You are viewing a plain text version of this content. The canonical link for it is here.

Posted to dev@poi.apache.org by moparisthebest <ad...@moparisthebest.com> on 2017/05/30 21:05:04 UTC

[PATCHES] poi as calculation engine

Hi all,

This project I inherited uses POI (XSSF currently) as a sort of
calculation engine, it creates a new spreadsheet, fills it with pages of
data, then fills a page with formulas evaluating them one at a time,
sending the results back to the client.

Today their current biggest set is 49k formulas, and it takes ~21
minutes to evaluate.  If I apply these 2 patches to disable double
formula validation:

https://bz.apache.org/bugzilla/show_bug.cgi?id=61033

The same thing executes in 11 minutes.

In the interest of completeness, I tried SXSSF with a -1 row limit but
killed it at the ~50 minute mark. However, I determined that if I run
the thing through HSSF it executes in about 70 seconds.

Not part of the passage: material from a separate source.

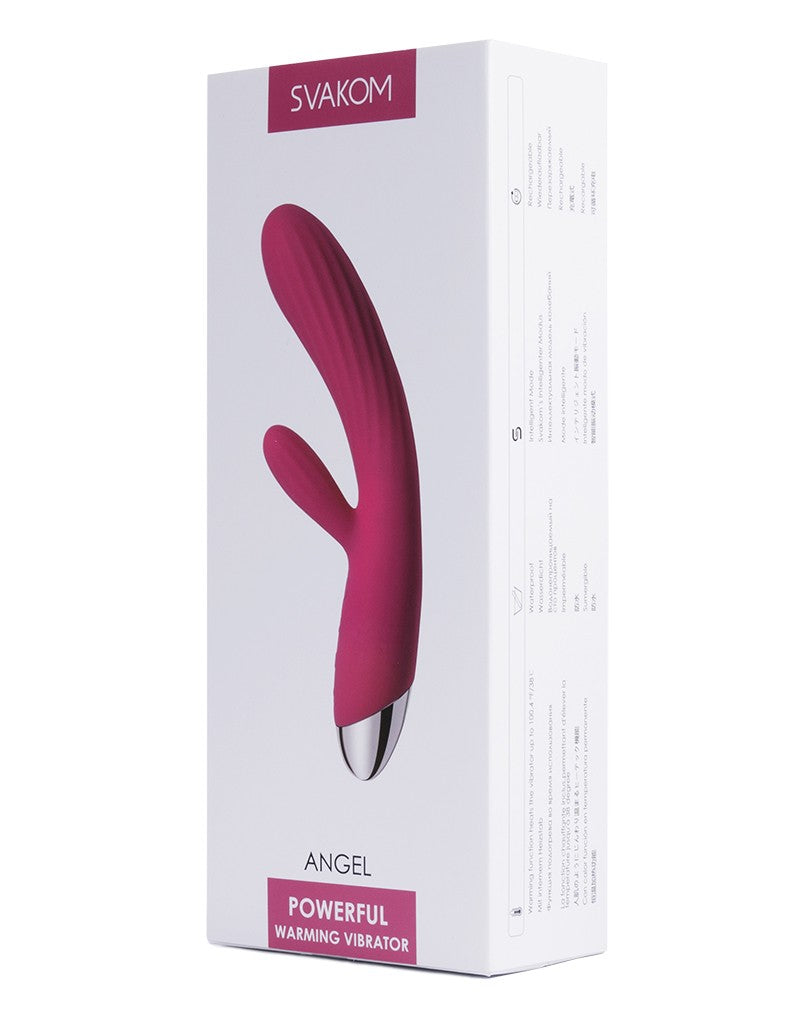 Svakom Angel verwarmende G-spot vibrator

But, I need a
patch that increases HSSF's limits to XSSF limits, with the
understanding you can't read or write that out, it only works in memory.
 Patch 1 in this 3 part series was actually an existing bug that has
been merged here:

https://bz.apache.org/bugzilla/show_bug.cgi?id=61059

Patch 2 can be merged stand-alone and will speed up existing uses of
HSSF formulas as-is:

https://code.moparisthebest.com/moparisthebest/poi/commit/8ab388eb780b0759367f904455690b5721e7ee6c

The last patch allows you to send in an arbitrary SpreadsheetVersion to
create a blank HSSFWorkbook, I'm guessing this might be somewhat
controversial to merge:

https://code.moparisthebest.com/moparisthebest/poi/commit/4727ab718d374ab86f465e51a83a3ef0018a944a

(these are also available at github if you prefer
https://github.com/moparisthebest/poi/commits/calc_engine )

All current tests pass, no API was changed (only added to), and behavior
is also unchanged unless you create your workbook like 'new
HSSFWorkbook(SpreadsheetVersion.EXCEL2007)', in which case it will let
you write XLSX's limit of rows and formula calculations etc.

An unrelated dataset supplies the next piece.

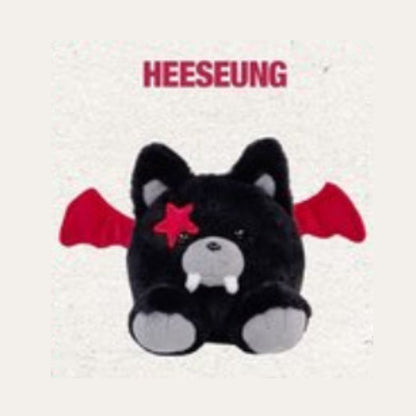 (PRE-ORDER) ENHYPEN THE SIN : VANISH - VAMPIRE VOICE KEYRING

Would a patch like this be acceptable?  Any other ideas?

Thanks much,
Travis

---------------------------------------------------------------------
To unsubscribe, e-mail: dev-unsubscribe@poi.apache.org
For additional commands, e-mail: dev-help@poi.apache.org

Re: [PATCHES] poi as calculation engine

Posted by Javen O'Neal <on...@apache.org>.

> How about we adopt a full lazy-evaluation approach for Formula objects?
I opened bug 61136 [1] and took a stab at full lazy evaluation [2].

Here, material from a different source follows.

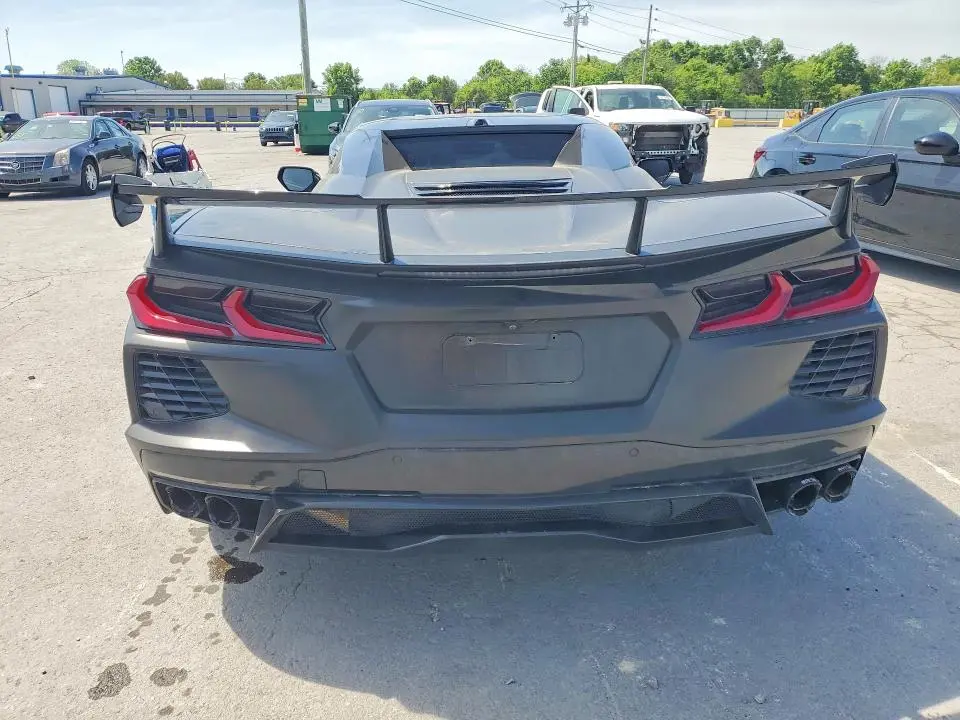 2022 CHEVROLET CORVETTE STINGRAY 3LT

Travis, would you be willing to test the memory consumption and
execution speed with these changes in HSSF and XSSF relative to trunk
and your patch (8ab388eb78)?

[1] https://bz.apache.org/bugzilla/show_bug.cgi?id=61136
[2] https://bz.apache.org/bugzilla/attachment.cgi?id=35014&action=diff

On Tue, May 30, 2017 at 8:49 PM, Javen O'Neal <on...@apache.org> wrote:
> How about we adopt a full lazy-evaluation approach for Formula objects?
> Either _byteEncoding and _encodedTokenLen should be provided or
> _ptgTokens should be provided. Only when the other is needed should
> Ptg.readTokens or Ptg.serializeTokens be called.
>
> As I understand it, reading and serializing tokens is pretty
> expensive, and eager evaluation is expensive if the results are never
> used.
>
> There should be:
>> private Formula(final byte[] byteEncoding, final int encodedTokenLen);
>> private Formula(final Ptg[] cachedTokens);
> I don't think a third constructor is necessary with the current code
> and enough lazy evaluation, but here's a 3rd constructor
>> private Formula(final byte[] byteEncoding, final int encodedTokenLen, final Ptg[] cachedTokens);
>
> I think we're less likely to rewrite org.apache.poi.hssf.model with
> SpreadsheetVersion code since it would encourage incorrect usage (the
> mailing list would explode). However, if you can get to the bottom of
> why HSSF formula evaluation is faster with some profiling (perhaps
> it's the expensive xmlbean reading and writing that's slowing XSSF
> down), then we could go that avenue.
> 1. Find and fix the largest contributors to the overall formula
> evaluation time for your XSSF and HSSF test cases.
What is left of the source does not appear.